* **Record excerpts**
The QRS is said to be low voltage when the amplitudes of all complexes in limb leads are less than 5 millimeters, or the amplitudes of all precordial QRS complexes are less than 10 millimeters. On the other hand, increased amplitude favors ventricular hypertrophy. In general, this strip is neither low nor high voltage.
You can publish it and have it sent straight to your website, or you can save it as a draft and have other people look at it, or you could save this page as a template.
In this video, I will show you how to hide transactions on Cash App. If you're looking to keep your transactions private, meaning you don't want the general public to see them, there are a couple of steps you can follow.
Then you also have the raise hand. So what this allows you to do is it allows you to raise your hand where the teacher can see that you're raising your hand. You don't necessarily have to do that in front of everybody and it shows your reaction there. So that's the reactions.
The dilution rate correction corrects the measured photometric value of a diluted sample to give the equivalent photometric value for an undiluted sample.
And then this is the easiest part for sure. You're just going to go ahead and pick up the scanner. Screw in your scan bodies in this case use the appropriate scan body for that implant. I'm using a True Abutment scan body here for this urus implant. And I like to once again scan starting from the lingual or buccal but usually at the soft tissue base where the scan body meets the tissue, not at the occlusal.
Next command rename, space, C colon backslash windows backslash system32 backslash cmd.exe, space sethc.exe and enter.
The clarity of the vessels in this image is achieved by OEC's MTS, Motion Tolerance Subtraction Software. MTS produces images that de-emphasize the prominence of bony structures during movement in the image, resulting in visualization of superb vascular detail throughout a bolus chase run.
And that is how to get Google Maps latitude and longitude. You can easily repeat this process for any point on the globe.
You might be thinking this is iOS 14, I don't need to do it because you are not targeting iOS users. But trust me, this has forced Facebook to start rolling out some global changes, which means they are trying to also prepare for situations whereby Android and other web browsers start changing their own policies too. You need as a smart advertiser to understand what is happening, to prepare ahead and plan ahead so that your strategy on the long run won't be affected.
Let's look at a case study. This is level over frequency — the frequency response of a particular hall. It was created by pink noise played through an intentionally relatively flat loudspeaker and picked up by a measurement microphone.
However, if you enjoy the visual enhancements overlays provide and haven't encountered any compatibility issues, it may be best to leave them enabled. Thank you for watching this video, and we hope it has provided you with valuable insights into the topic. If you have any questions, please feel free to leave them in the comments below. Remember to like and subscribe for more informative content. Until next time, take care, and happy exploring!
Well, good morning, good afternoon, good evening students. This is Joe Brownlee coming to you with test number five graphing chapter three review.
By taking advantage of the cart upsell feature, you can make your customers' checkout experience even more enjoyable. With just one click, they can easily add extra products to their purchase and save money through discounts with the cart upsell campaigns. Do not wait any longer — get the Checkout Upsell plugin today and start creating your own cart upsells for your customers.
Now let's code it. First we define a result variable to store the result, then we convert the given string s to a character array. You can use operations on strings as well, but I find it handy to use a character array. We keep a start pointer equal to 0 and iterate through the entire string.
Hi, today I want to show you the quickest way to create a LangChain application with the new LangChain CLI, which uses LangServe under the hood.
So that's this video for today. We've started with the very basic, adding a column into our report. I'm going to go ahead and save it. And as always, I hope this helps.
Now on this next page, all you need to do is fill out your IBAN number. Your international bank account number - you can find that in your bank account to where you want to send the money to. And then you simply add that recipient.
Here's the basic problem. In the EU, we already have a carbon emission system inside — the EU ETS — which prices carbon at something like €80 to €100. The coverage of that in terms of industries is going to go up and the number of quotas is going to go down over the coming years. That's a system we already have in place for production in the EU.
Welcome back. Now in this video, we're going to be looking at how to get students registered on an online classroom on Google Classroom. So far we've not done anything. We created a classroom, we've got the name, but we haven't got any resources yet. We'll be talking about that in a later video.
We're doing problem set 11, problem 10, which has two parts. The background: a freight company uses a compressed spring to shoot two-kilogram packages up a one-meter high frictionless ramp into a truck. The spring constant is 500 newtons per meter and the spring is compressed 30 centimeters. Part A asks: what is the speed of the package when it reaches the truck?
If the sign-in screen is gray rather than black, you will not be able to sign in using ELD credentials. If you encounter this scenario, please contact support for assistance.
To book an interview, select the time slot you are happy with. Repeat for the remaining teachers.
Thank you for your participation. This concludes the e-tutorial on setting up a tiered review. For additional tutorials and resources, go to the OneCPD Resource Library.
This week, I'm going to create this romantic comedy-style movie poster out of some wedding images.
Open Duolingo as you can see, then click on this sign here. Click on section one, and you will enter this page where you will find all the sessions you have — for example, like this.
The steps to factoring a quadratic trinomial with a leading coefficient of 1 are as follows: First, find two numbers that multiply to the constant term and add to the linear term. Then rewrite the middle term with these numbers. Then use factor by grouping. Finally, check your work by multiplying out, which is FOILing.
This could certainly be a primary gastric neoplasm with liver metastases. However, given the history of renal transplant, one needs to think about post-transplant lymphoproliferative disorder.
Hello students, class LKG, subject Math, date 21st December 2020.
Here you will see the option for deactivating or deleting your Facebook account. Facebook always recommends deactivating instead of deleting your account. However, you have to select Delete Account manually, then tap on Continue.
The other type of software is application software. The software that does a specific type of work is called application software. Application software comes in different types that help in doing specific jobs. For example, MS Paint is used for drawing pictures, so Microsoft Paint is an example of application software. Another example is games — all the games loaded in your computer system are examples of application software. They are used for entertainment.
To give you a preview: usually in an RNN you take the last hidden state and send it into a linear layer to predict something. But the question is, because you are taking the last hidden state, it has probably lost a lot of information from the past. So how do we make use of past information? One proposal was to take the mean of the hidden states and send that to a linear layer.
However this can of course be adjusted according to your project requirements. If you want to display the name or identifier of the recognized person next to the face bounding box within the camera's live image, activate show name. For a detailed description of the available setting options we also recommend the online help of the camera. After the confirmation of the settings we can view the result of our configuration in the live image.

* **What you are asked to do**
Go through the data and copy every line that includes "save".

* **Problem solution**
You can publish it and have it sent straight to your website, or you can save it as a draft and have other people look at it, or you could save this page as a template.
By taking advantage of the cart upsell feature, you can make your customers' checkout experience even more enjoyable. With just one click, they can easily add extra products to their purchase and save money through discounts with the cart upsell campaigns. Do not wait any longer — get the Checkout Upsell plugin today and start creating your own cart upsells for your customers.
So that's this video for today. We've started with the very basic, adding a column into our report. I'm going to go ahead and save it. And as always, I hope this helps.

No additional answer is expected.